Ketika berbicara tentang Islam Progresif pasti tak lepas dengan istilah-istilah yang
berkaitan setelahnya, seperti sekuler, liberal, dan progresif itu sendiri. Sebagai agama yang
mengklaim sebagai agama yang tak tergerus oleh zaman dan makan, Islam yang diturunkan
sekitar 1400-an tahun yang lalu hingga sekarang pastilah mengalami dinamika pasang surut
baik itu dalam segi pengetahuan, tradisi, politik dan lainnya. Terutama pasca wafatnya Nabi
Muhammad S.AW., sebagai nabi terakhir, banyak pemikir Muslim klasik hingga
kontemporer yang mencoba merumuskan agar Islam tidak ketinggalan zaman dalam hal
apapun, biasanya istilah ini kita kenal dengan mujaddid. Contoh mujaddid Islam yang
maklum kita kenal antara lain adalah Muhammad Iqbal, Jamaluddin Al-Afghani, Hassan
Hanafi, Muhammad Arkoun, dan lain-lain.

Tokoh-tokoh yang disebut di atas memiliki corak pemikirannya masing-masing yang


menjadikan mereka unik. Tetapi, pada dasarnya mereka ingin menumpas kejumudan
masyarakat muslim, khususnya orang awam, dalam menjalani kehidupan agar tidak hanya
terpacu terhadap teks-teks kitab suci secara literal, melainkan juga memahami teks-teks
tersebut secara kontekstual. Mengapa demikian? Karena hal ini ditengarai sebagai penyebab
Islam yang tidak berkembang, dan dengan memahami teks kitab suci secara kontekstual
maka dipercayai masalah ini akan selesai.

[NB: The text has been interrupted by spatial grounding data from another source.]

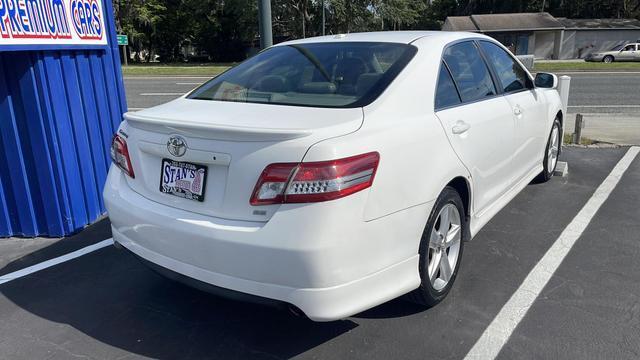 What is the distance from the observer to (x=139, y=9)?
4338cm

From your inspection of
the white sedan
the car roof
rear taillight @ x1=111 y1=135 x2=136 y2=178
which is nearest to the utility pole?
the car roof

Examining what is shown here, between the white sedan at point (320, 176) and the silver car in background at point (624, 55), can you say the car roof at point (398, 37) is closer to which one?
the white sedan at point (320, 176)

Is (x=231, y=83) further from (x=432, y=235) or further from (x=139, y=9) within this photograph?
(x=139, y=9)

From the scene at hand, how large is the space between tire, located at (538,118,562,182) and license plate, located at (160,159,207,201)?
400cm

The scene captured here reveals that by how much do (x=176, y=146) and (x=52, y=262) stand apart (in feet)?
6.63

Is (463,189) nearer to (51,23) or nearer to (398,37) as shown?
(398,37)

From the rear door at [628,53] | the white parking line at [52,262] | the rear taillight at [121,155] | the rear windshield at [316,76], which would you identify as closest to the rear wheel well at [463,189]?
Answer: the rear windshield at [316,76]

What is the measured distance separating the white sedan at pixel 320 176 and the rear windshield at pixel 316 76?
0.01m

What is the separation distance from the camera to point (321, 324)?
3023 millimetres

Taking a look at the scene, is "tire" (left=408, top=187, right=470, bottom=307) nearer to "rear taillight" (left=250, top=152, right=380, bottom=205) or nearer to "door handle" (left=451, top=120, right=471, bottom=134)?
"door handle" (left=451, top=120, right=471, bottom=134)

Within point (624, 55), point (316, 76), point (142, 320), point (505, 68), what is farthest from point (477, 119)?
point (624, 55)

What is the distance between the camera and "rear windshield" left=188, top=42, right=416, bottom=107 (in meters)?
2.93

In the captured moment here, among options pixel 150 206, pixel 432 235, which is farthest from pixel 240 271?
pixel 432 235

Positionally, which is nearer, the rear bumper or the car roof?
the rear bumper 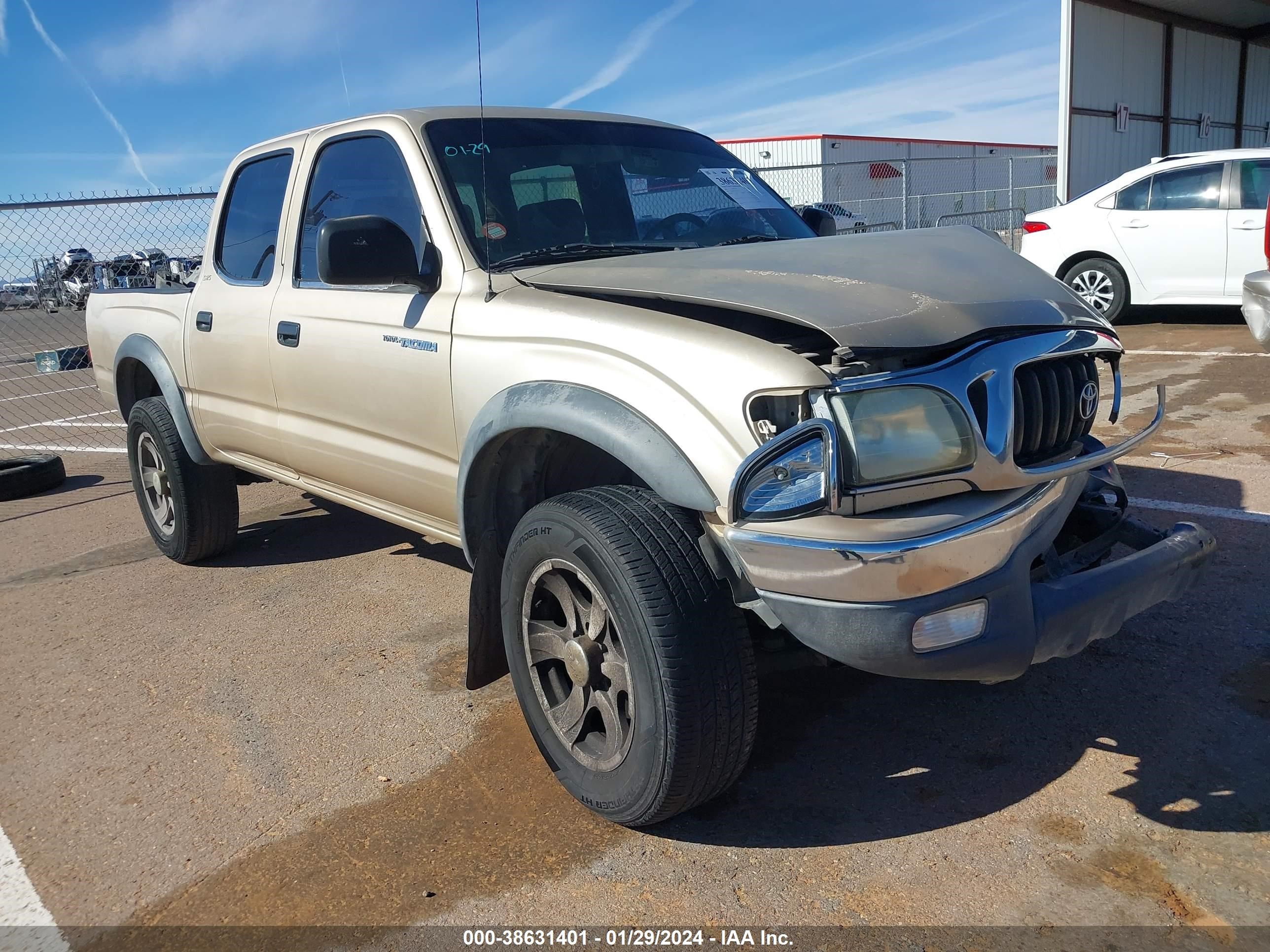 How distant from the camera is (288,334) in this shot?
3904mm

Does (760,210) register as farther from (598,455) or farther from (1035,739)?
(1035,739)

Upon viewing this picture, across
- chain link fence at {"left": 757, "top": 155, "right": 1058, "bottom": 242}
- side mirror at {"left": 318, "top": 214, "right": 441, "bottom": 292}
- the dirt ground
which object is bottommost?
the dirt ground

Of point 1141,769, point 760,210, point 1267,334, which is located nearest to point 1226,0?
point 1267,334

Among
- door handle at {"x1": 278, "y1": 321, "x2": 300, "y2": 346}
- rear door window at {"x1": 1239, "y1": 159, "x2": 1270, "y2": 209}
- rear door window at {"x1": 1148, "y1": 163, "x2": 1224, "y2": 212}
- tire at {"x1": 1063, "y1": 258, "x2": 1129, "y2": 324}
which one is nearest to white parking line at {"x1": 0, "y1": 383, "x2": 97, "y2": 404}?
door handle at {"x1": 278, "y1": 321, "x2": 300, "y2": 346}

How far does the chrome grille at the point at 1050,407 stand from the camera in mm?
2352

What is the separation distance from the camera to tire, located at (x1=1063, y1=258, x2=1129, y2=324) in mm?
10430

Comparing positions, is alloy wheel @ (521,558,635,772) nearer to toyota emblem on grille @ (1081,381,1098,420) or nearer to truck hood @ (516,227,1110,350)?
truck hood @ (516,227,1110,350)

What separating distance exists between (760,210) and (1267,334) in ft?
10.0

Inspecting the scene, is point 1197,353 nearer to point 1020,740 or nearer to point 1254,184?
point 1254,184

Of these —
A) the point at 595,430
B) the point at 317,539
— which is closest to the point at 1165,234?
the point at 317,539

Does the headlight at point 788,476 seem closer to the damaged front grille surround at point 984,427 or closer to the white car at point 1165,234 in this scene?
the damaged front grille surround at point 984,427

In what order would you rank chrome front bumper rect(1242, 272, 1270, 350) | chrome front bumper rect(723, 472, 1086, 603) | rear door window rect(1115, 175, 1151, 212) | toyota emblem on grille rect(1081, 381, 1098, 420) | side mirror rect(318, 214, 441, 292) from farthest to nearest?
rear door window rect(1115, 175, 1151, 212) → chrome front bumper rect(1242, 272, 1270, 350) → side mirror rect(318, 214, 441, 292) → toyota emblem on grille rect(1081, 381, 1098, 420) → chrome front bumper rect(723, 472, 1086, 603)

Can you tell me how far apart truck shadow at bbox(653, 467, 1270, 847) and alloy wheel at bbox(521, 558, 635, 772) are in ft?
0.97

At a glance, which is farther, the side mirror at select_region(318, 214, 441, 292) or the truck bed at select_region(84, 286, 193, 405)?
the truck bed at select_region(84, 286, 193, 405) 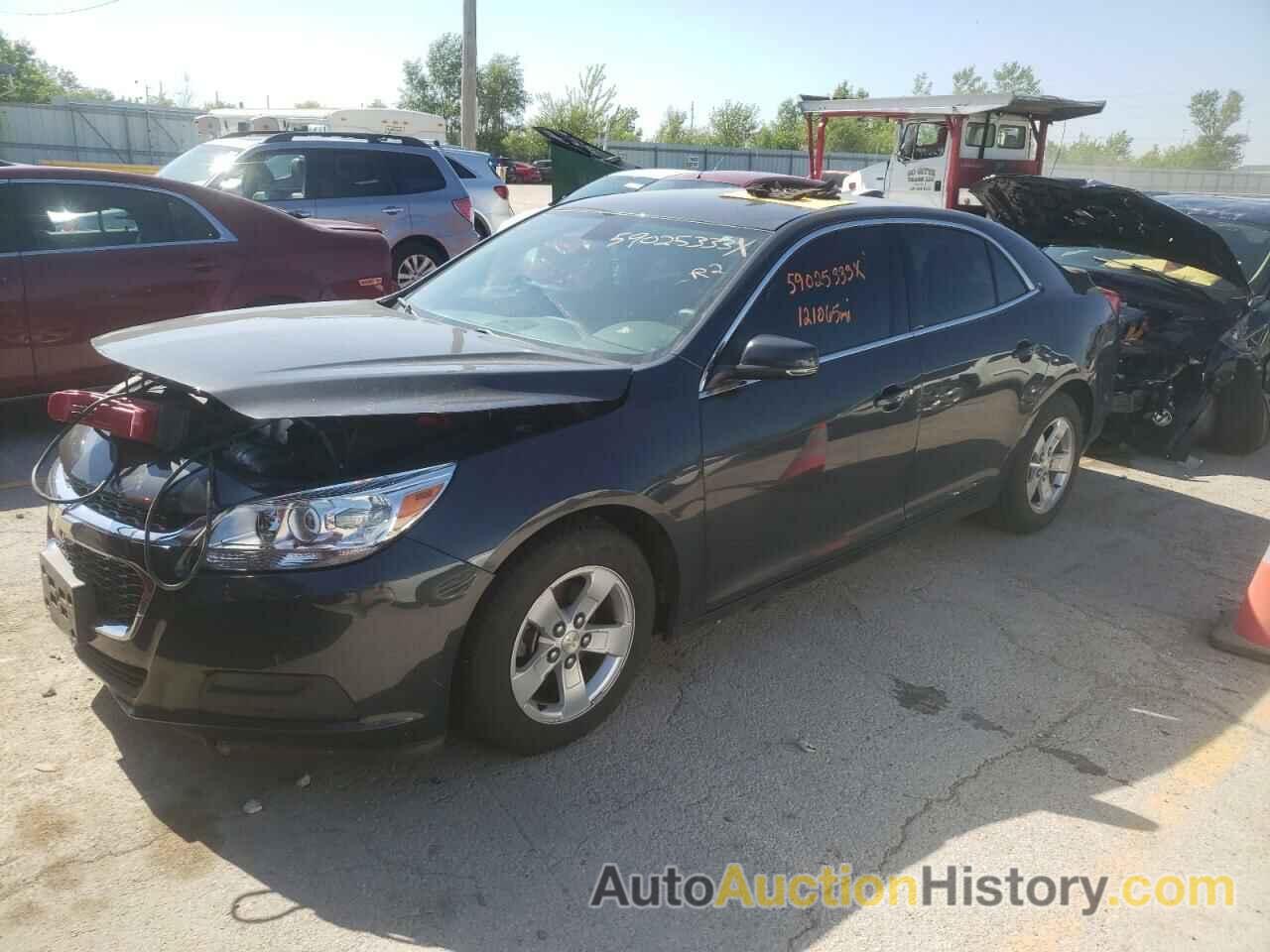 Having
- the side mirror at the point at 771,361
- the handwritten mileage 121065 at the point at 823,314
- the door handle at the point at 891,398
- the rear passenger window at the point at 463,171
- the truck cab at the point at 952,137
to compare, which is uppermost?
the truck cab at the point at 952,137

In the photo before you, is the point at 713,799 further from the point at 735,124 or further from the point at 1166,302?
the point at 735,124

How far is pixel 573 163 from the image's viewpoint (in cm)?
1709

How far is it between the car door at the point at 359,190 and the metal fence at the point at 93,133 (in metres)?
30.9

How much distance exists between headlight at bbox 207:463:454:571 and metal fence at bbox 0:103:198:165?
39435 mm

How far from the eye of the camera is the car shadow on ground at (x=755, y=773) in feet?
8.60

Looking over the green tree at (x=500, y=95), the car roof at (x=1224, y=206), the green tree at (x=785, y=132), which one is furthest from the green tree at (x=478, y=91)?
the car roof at (x=1224, y=206)

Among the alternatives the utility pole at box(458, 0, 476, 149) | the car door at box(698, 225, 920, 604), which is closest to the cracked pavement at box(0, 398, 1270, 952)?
the car door at box(698, 225, 920, 604)

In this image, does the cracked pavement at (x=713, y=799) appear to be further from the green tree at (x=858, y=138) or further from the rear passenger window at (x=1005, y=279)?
the green tree at (x=858, y=138)

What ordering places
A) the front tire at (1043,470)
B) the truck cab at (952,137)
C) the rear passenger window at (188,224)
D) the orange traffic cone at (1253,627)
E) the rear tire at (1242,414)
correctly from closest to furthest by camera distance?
the orange traffic cone at (1253,627) → the front tire at (1043,470) → the rear passenger window at (188,224) → the rear tire at (1242,414) → the truck cab at (952,137)

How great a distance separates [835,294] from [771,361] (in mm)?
764

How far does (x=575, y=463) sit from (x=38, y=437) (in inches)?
190

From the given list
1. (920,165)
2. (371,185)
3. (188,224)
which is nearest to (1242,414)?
(188,224)

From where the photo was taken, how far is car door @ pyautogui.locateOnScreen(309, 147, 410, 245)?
10141 millimetres

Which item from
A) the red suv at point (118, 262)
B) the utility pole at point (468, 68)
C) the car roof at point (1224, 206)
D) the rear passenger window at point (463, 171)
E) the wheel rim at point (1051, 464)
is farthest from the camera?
the utility pole at point (468, 68)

Untuk pemecahan masalah ini, penulis ingin mencoba menggunakan Hermeneutika


kritis Habermas untuk digunakan sebagai metode dalam menumpas kejumudan umat Muslim
karena Habermas juga berbicara tentang otoritas dan tradisi, dan penggunaan kekuasaan
dalam hal kebenaran. Tulisan ini hanya sekedar menyentuh permukaan air dari kedalaman
intelektual Islam yang luas, dan bertujuan hanya untuk memercik api semangat dalam ber-
Islam.

Sekilas Tentang Habermas

Nama lengkapnya adalah Jurgen Habermas, ia adalah salah seorang filosof


kontemporer yang lahir di Gummerbarsch pada tanggal 18 Juni 1929 dari keluarga kelas
menengah Jerman. Ia pernah masuk dinas militer di usia 15 tahun dan bersimpati terhadap
gerakan Nazi tentang ras unggul, namun, sikapnya terhadap Nazi berubah ketika ia menonton
film dokumenter tentang pengadilan Nuremberg dan kamp-kamp konsentrasi. Habermas
muda tepengaruh dengan pemikiran-pemikiran Heidegger yang pada saat itu memenuhi ruang
intelektualitas Jerman, dan kemudian melepaskan diri dari pengaruh Heidegger karena sikap
mendukungnya terhadap Nazi. Sikapnya ini dituliskan dalam artikelnya yang berjudul Mit
Heidegger gegen Heidegger denken (Berpikir bersama Heidegger melawan Heidegger).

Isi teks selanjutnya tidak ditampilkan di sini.